Which lines below fall between the one containing "Hi everyone, my" and the one containing "Hey everybody, it's"? Repeat them exactly, counting both of those lines, and add nothing else.

━━━ INFORMATION GIVEN ━━━

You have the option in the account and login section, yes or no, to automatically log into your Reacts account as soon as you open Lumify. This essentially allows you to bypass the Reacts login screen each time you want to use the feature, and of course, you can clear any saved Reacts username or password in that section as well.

━━━
━━━ INFORMATION GIVEN ━━━

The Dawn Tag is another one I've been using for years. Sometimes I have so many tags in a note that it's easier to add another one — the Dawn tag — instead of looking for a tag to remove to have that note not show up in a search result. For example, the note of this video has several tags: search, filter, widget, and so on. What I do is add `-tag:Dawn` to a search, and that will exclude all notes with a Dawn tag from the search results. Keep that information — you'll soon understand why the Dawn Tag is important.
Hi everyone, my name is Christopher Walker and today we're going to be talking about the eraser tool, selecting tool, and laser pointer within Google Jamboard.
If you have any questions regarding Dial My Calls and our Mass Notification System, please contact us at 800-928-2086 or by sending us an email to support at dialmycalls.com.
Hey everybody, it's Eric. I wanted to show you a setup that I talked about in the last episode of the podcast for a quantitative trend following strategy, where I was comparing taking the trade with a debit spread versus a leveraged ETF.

━━━

= ANSWER TO THE EXERCISE =
Hi everyone, my name is Christopher Walker and today we're going to be talking about the eraser tool, selecting tool, and laser pointer within Google Jamboard.
If you have any questions regarding Dial My Calls and our Mass Notification System, please contact us at 800-928-2086 or by sending us an email to support at dialmycalls.com.
Hey everybody, it's Eric. I wanted to show you a setup that I talked about in the last episode of the podcast for a quantitative trend following strategy, where I was comparing taking the trade with a debit spread versus a leveraged ETF.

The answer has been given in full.